Au contraire, l’usine est gérée selon un système hiérarchique draconien : chaque ouvrier doit obéir à tout instant aux gardes de l’usine, sous peine d’être « licencié sans indemnités ». Une première infraction mineure est passible d’une amende de 200 yuans (environ 20 €), une deuxième d’une amende de 300 yuans et une troisième d’un licenciement sans indemnités. La liste des pénalités concerne 18 « interdits » et suscite un profond mécontentement parmi les travailleurs.

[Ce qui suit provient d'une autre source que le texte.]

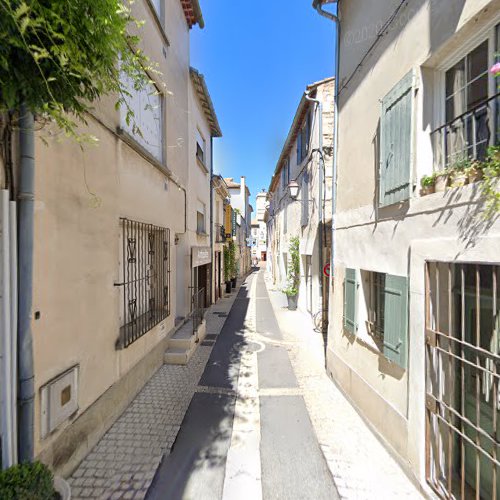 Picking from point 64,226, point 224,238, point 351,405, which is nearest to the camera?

En revanche, les mécanismes de protection des ouvriers sont quasi inexistants. Selon l’agence d’information officielle Xinhua, l’entreprise a été rappelée à l’ordre, le 22 mai, par les autorités locales pour avoir omis de rémunérer les heures supplémentaires. Au cours de rencontres avec des responsables de la branche locale de la Fédération des syndicats chinois la semaine suivante, la direction de Jasic s’est montrée réticente à autoriser la syndicalisation de son personnel, comme l’autorise pourtant la loi chinoise.

A la mi-juillet, 89 ouvriers de Jasic qui tentaient de créer un syndicat ont été victimes d’intimidations, de mesures de répression et d’accusations mensongères de la part de l’encadrement. Leurs représentants ont été battus, emprisonnés et licenciés. Ces brutalités ont renforcé la détermination des travailleurs, de leurs familles et amis, mais aussi d’ouvriers d’usines voisines.

Drapeaux rouges de sortie

A partir du 20 juillet, la confrontation a pris une dimension nationale et internationale en raison de la vigueur des actions menées par les ouvriers et de leur écho dans les médias, notamment les réseaux sociaux. Des étudiants de plus d’une cinquantaine d’universités ont publiquement exprimé leur soutien à la lutte et leur condamnation de la direction de l’usine. Des groupes maoïstes, comptant nombre de retraités aux cheveux blancs, ont ressorti leurs drapeaux rouges pour s’y joindre.

Une pétition en ligne lancée par des étudiants a recueilli plus de 1 600 signatures en deux jours, rassemblant un éventail idéologique allant des libéraux aux militants de gauche. Une autre pétition, publiée en anglais et en chinois par la sociologue Pun Ngai et moi-même, a été signée par plus de 200 universitaires de 11 pays d’Asie, d’Australie, d’Europe et d’Amérique, parmi lesquels le géographe britannique David Harvey et d’autres intellectuels influents.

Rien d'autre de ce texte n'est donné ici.